Si la coopérative pratique « le prix libre » pour certaines prestations non prises en charge (quelques dizaines d’euros par participant), certains stages peuvent coûter 45€ de l’heure, et les formations d’équipes tournent autour de 800€ par jour et par intervenant (lorsqu’elles sont, elles aussi, financées). À la marge, La Braise met aussi en place des prestations sur lesquelles la coopérative est déficitaire, comme des « dinettes présidentielles », un jeu politique autour des élections.
Un modèle économique efficace jusqu’ici, mais que les réformes gouvernementales peuvent mettre à mal, notamment la récente réforme de la formation professionnelle, la loi du 5 septembre 2018 pour la liberté de choisir son avenir professionnel.
« Ces réformes sont dans un esprit néolibéral qui considère que la formation sert uniquement à l’employabilité, à développer les compétences individuelles sur le marché de l’emploi.
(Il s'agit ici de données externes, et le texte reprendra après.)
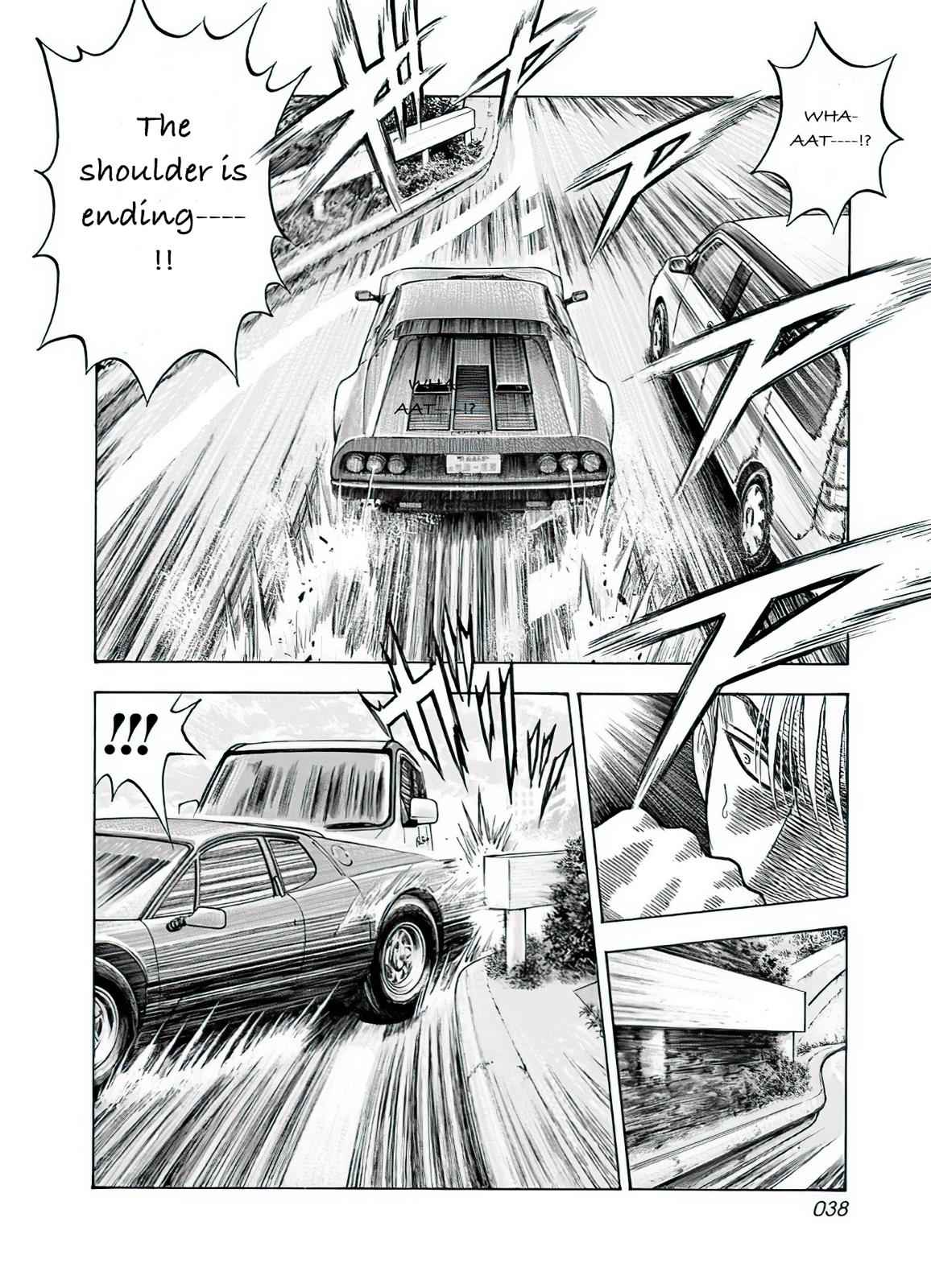 Countach Chap 37 - Next Chap 38
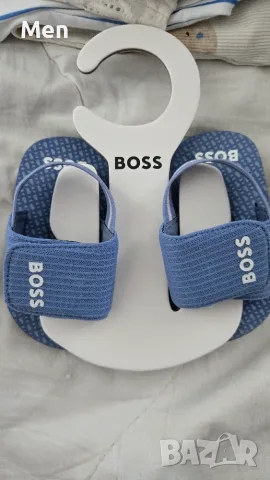 Детски сандали Boss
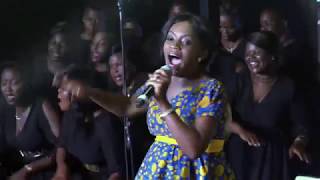 Newie - Vha Murena wa marena (Live) Newie - Vha Murena wa marena (Live)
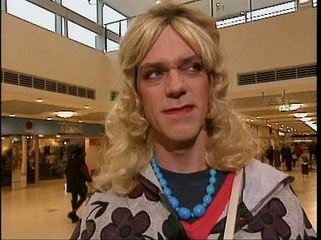 A Bit Of Fry & Laurie. Series 4 Episode 6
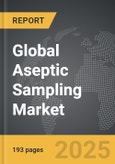 Aseptic Sampling - Global Strategic Business Report- Product Image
Nous ne sommes pas opposés à l’idée que la formation professionnelle serve cet esprit-là, mais nos formations ne suivent pas cette logique. Ce sont des espaces de respiration, de compétences et de compréhension collective des enjeux qui traversent les structures qu’on accompagne. Nos formations, telles qu’elles existent, ont aussi le droit d’être financées par les comptes professionnels de formation (CPF). »
Pour garder cette éligibilité aux CPF, La Braise a du obtenir la certification Qualiopi délivrée par un organisme lui-même accrédité par le Comité français d’accréditation (Cofrac) ou par le nouveau service de l’État, France Compétences… une certaine démonstration des mécanismes dénoncés par la coopérative.